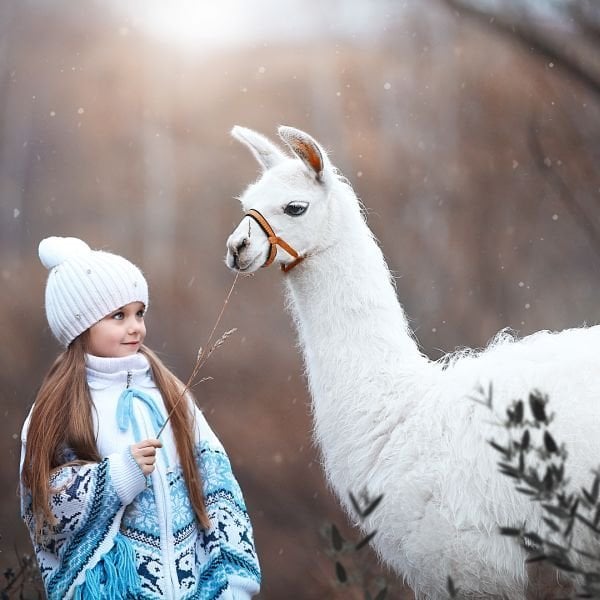 most beautiful girl in the world, russia, russian girl, russian child model, anastasia knyazeva, anna photo, instagram, instagram celeb, viral, cutest girl, kid, child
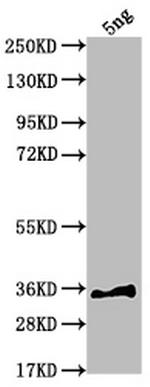 sfl Antibody in Western Blot (WB)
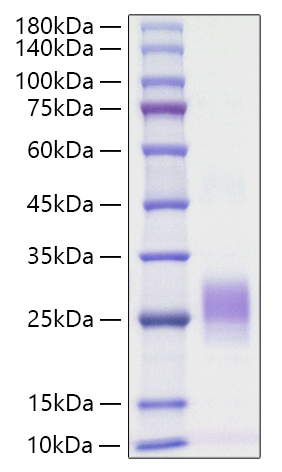 Recombinant Human TNFSF6/FAS ligand/CD178 Protein was determined by SDS-PAGE under reducing conditions with Coomassie Blue.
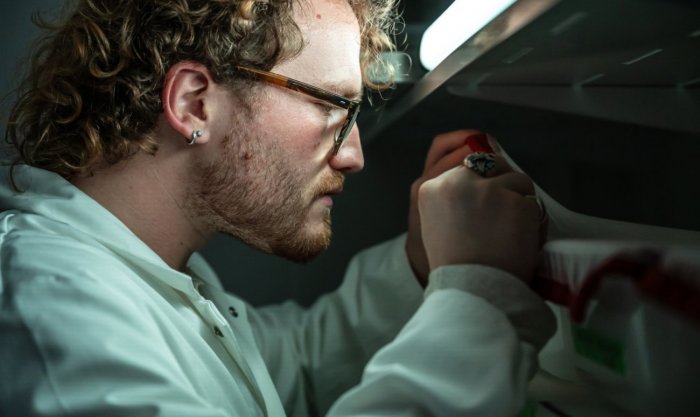 Reportage dans l'unité Arbovirus et Insectes Vecteurs (AIV). Phase aquatique de l’élevage de moustiques : observation des larves.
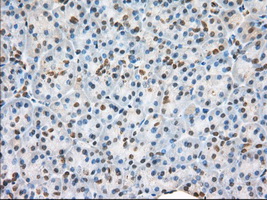 H6PD / G6PDH Antibody - Immunohistochemical staining of paraffin-embedded pancreas tissue using anti-H6PD mouse monoclonal antibody. (Dilution 1:50).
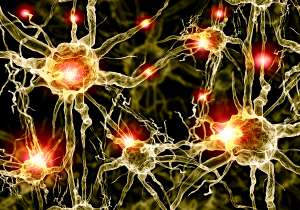 nerve cells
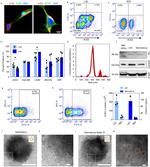 CD90 (Thy-1) Antibody in Flow Cytometry (Flow)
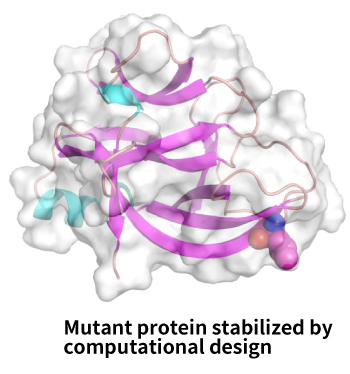 Mutant protein
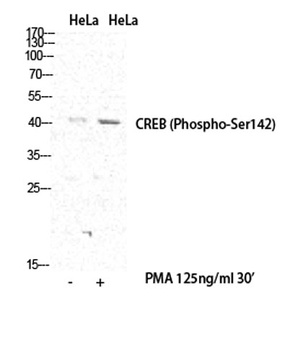 CREB-1 (phospho Ser142) rabbit pAb Antibody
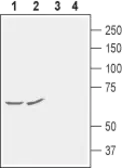 Anti-KCNG1 antibody used in IHC (Free Floating) (IHC (Free Floating)). GTX16711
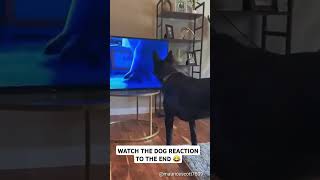 DOG REACTION YOU WON’T BELIEVE! 😂 SUBSCRIBE NOW!#FunnyDogs #DogReactions #ViralVideo #PetLovers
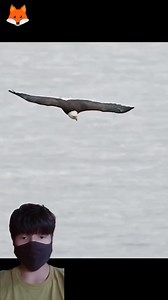 Halcón cazando #reels #virals #animals #HALCON #salvaje #animales | Lobo Salvaje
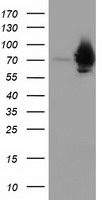 HEK293T cells were transfected with the pCMV6-ENTRY control (Left lane) or pCMV6-ENTRY HSPA6 (Right lane) cDNA for 48 hrs and lysed. Equivalent amounts of cell lysates (5 ug per lane) were separated by SDS-PAGE and immunoblotted with anti-HSPA6.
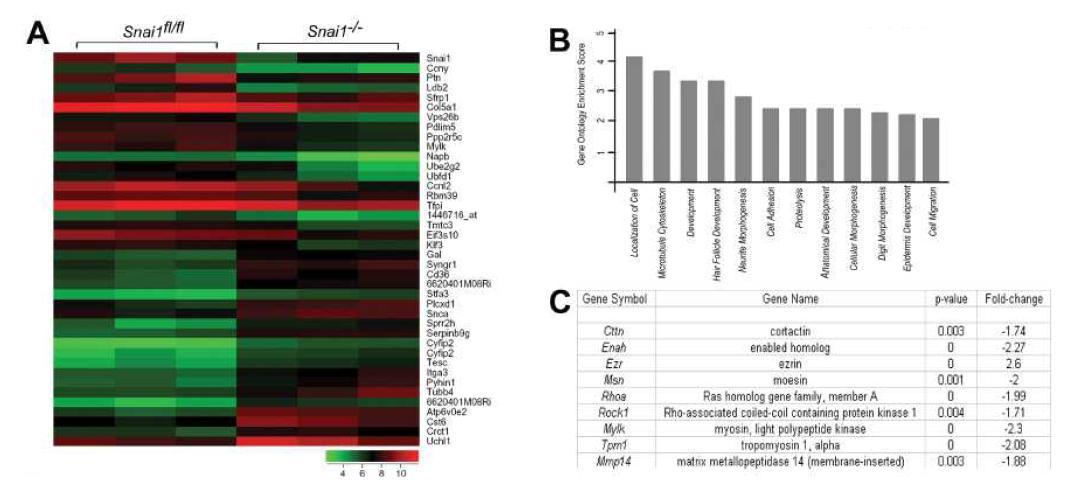 (A) Heat map of microarray data for three biological replicates of Snail1fl/fl and Snail1–/– fibroblasts. The 20 most highly up-regulated and down-regulated transcripts in Snail1–/– fibroblasts are presented. The key on the bottom assigns heat map colors to the absolute gene expression value on a log2 scale. (B) GO terms identifying biological processes differentially expressed in Snai1fl/fl and deficient fibroblasts. (C) List of motility- and invasion-associated genes regulated by Snail1 in fibroblasts.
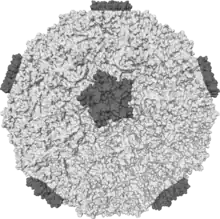 Isosurface of a human rhinovirus showing protein spikes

• [Task description]:
The records, exactly as written but without images, should be returned.

• [Solution to this exercise]:
 most beautiful girl in the world, russia, russian girl, russian child model, anastasia knyazeva, anna photo, instagram, instagram celeb, viral, cutest girl, kid, child
 sfl Antibody in Western Blot (WB)
 Recombinant Human TNFSF6/FAS ligand/CD178 Protein was determined by SDS-PAGE under reducing conditions with Coomassie Blue.
 Reportage dans l'unité Arbovirus et Insectes Vecteurs (AIV). Phase aquatique de l’élevage de moustiques : observation des larves.
 H6PD / G6PDH Antibody - Immunohistochemical staining of paraffin-embedded pancreas tissue using anti-H6PD mouse monoclonal antibody. (Dilution 1:50).
 nerve cells
 CD90 (Thy-1) Antibody in Flow Cytometry (Flow)
 Mutant protein
 CREB-1 (phospho Ser142) rabbit pAb Antibody
 Anti-KCNG1 antibody used in IHC (Free Floating) (IHC (Free Floating)). GTX16711
 DOG REACTION YOU WON’T BELIEVE! 😂 SUBSCRIBE NOW!#FunnyDogs #DogReactions #ViralVideo #PetLovers
 Halcón cazando #reels #virals #animals #HALCON #salvaje #animales | Lobo Salvaje
 HEK293T cells were transfected with the pCMV6-ENTRY control (Left lane) or pCMV6-ENTRY HSPA6 (Right lane) cDNA for 48 hrs and lysed. Equivalent amounts of cell lysates (5 ug per lane) were separated by SDS-PAGE and immunoblotted with anti-HSPA6.
 (A) Heat map of microarray data for three biological replicates of Snail1fl/fl and Snail1–/– fibroblasts. The 20 most highly up-regulated and down-regulated transcripts in Snail1–/– fibroblasts are presented. The key on the bottom assigns heat map colors to the absolute gene expression value on a log2 scale. (B) GO terms identifying biological processes differentially expressed in Snai1fl/fl and deficient fibroblasts. (C) List of motility- and invasion-associated genes regulated by Snail1 in fibroblasts.
 Isosurface of a human rhinovirus showing protein spikes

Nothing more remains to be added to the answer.